Oct 29, 2007

Birth of the Monster Kid

Television was hungry for content. with 168 hours of possibility in a week, TV couldn't make shows fast enough. Networks and stations were asking studios for movies from the very beginning but studios were having none of that.

At first they believed that TV was a passing fad and then they began to see it as the enemy. Movie studios believed it was televisions fault that movie ticket sales were down. Studios circled their wagons and refused to budge.

But TV found films in public domain and then a few far sighted cowboys who owned their old films, leased them to television and made a bundle. Movie studios realized their vaults were filled with silver to be mined and they began to make TV deals.




In Los Angeles, television producer Hunt Stromburg Jr. spots a Finnish actress at a Hollywood masquerade ball. Maila Nurmi wins first prize at the ball dressed as the spooky & stately character with an hourglass figure from Charles Addams New Yorker Cartoons. The unnamed character eventually evolves into Morticia Addams of the Addams Family, but first she spawns an undead army of late night ghouls with a twisted sense of what's funny.
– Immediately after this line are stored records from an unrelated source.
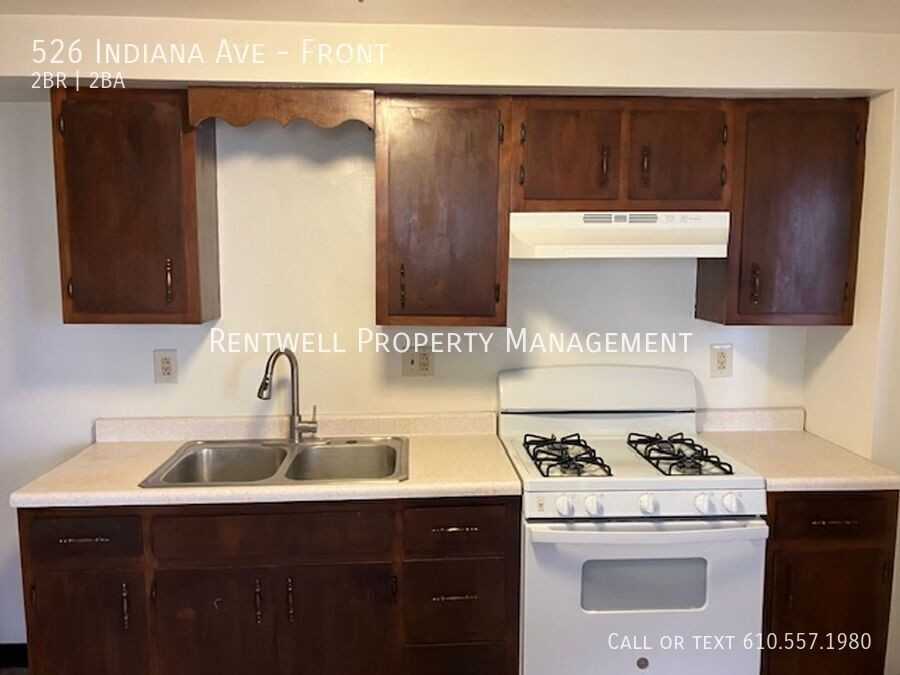 526 Indiana Ave - Photo 4 of 14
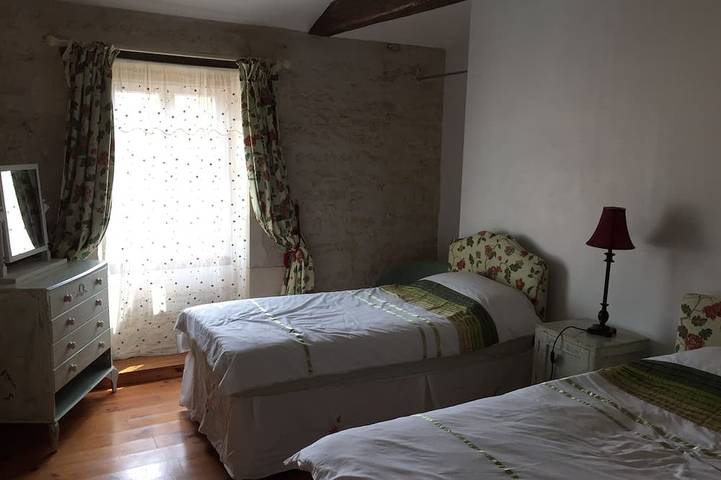 Location de vacances pour 8 personnes, avec jardin à La Caillère-Saint-Hilaire - 3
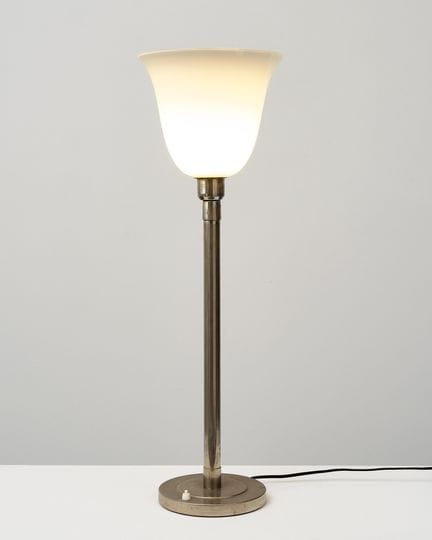 PAIR OF ART DECO LOUNGE LAMPS
in chrome-plated met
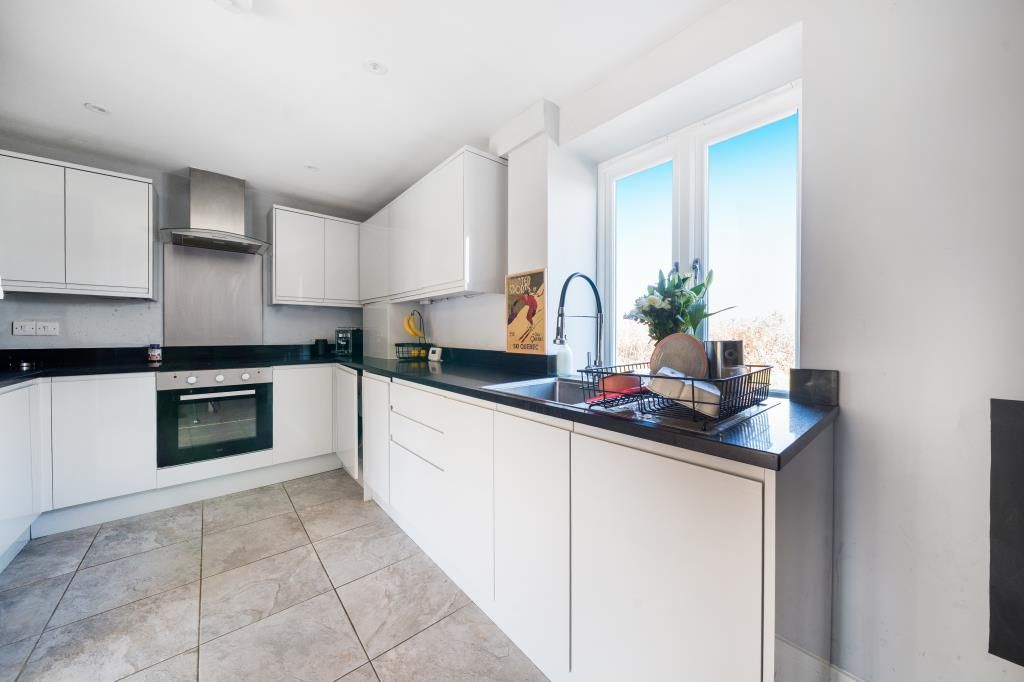 Property photo 3 of 18 Kitchen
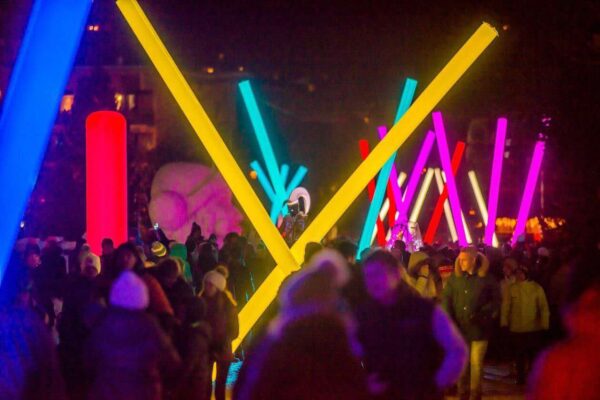 LED Poles - Image 3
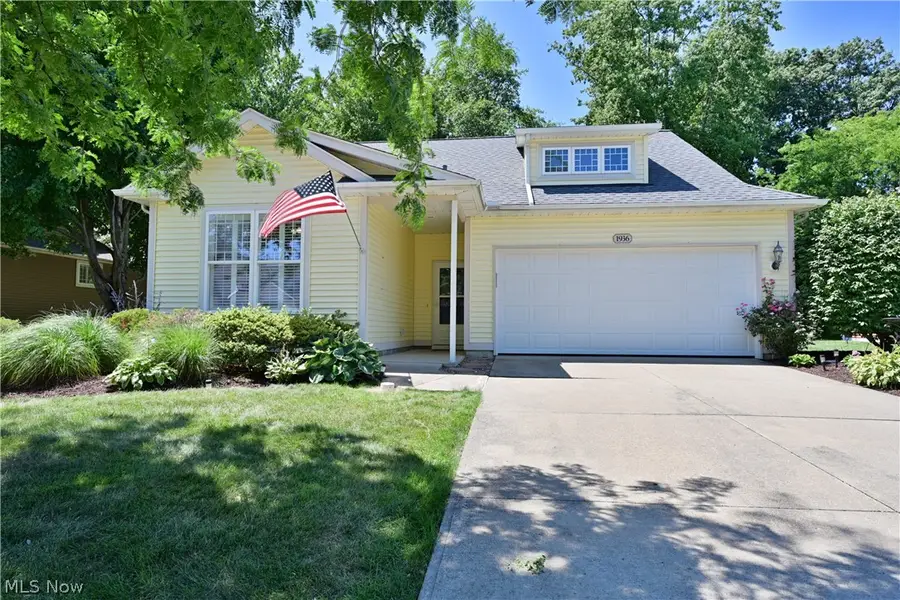 1936 Pembrooke Lane, Avon, OH 44011 - #2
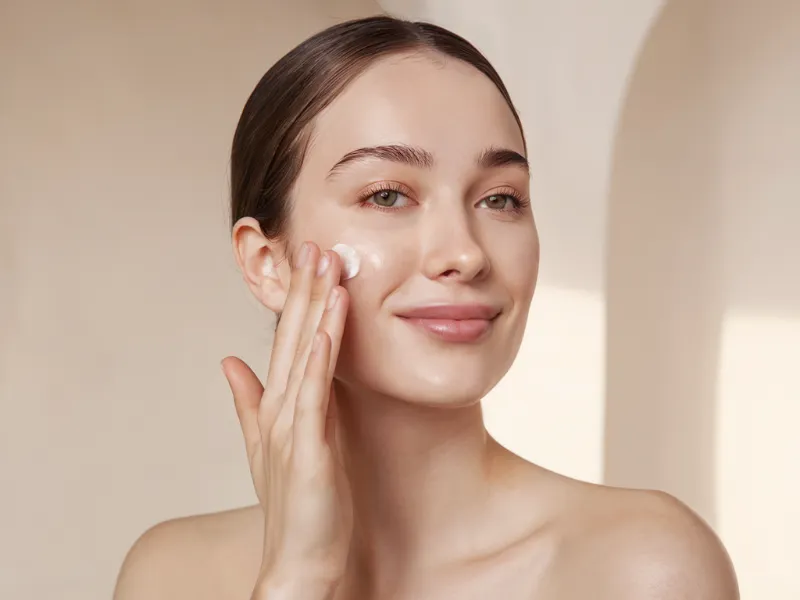 Rửa lại bằng nước sạch và dưỡng ẩm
Stromburg hires Nurmi and the two transform Addams nameless femme fatale into Vampira, a sexy vampire with a macabre sense of humor. Vampira is created to host ABC's late night movies in Los Angeles. Her show airs May 1, 1954 on KABC in Los Angeles and the world's first horror host(ess) is born.

Just three weeks into the new show, Newsweek runs an article on Vampira and a less than a month later, she has a 2 page spread in Life magazine. Independent Stations all over the country recognize the potential and an undead army of horror hosts rises from the late night television landscape.





Television's midnight matinees attract quite a following. Using old movies, cheap sets, bad makeup, amateur skits, and lame puns, horror hosts create a counter culture. The ghoulish humor attracts a loyal teen audience always looking for something to mock and because young kids want to be doing what the older kids are doing, it also attracts a younger crowd.

Kids who would be scared spitless in a theater, curl up on the couch and watch the scary parts between their fingers with regular commercial breaks where strange hosts like Zacherley (new York) & Ghoulardi (Cleveland) remind them not to take any of it too seriously.


In 1958 Screen Gems packaged 52 of Universal's horror movies into a bundle called "Shock Theater" and sold it to independent stations all across the United States. Included in that Package was Dracula, Frankenstein, The Mummy and The Wolf Man. Kids saw Universal's grand slam of horror for the first time and it was love at first fright.





America's monster kid is about to rise from the slab.